Once I fill my trays or pots with a dampened soil, I then decide where to plant the seeds. I like to lay out my seed packs in front of where I would like to plant them in the tray or pot. I then make little markers so I know what is growing where and place them in the soil. From there I poke a hole in the top of the soil with my finger. Plant seeds twice as deep as their size. Refer to the seed packet on how many seeds should be planted per hole, usually about 2 or 3. Then cover with a thin layer of soil. Some seeds like lettuce can be pushed into soil rather than buried.
Once planted I use a spray bottle to moisten the soil again. Then I place it on the warming mat and cover with a clear top or plastic wrap to keep the moisture in for germination. Once the seeds start to sprout, I remove the tops and turn on the light. The light should be kept on for about 12 to 16 hours a day and keep the light 2-3” above the tallest plant.

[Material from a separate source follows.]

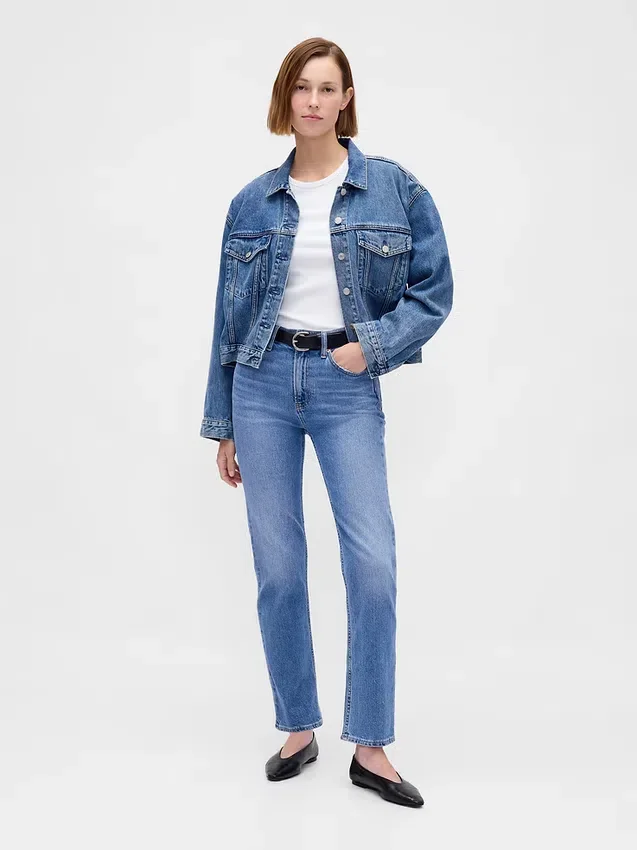 Modern, compact geribd cropped T-shirt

Once your seeds have sprouted and are under the lights you will need to check frequently for dry soil. Let the soil mix dry completely before adding water to reduce the chance of a fungal disease in seedlings from too much moisture.
Thinning:
Once they have sprouted they will need to be thinned. I suggested picking the smaller ones out after they produced the second set of leaves. This allows the single plant the room and nutrients it needs to thrive.
Hardening off:
As your transferring date approaches, I suggest periodically bringing your plants outside to acclimate to the outdoors or what we call hardening off. This process should be done a week before transplanting. I like to start off the first couple days placing it in the shade for a couple hours at a time during the warmer part of the day. Then I gradually start to add it into the sunshine for longer periods. By the end of the week the plants will be ready for the great outdoors.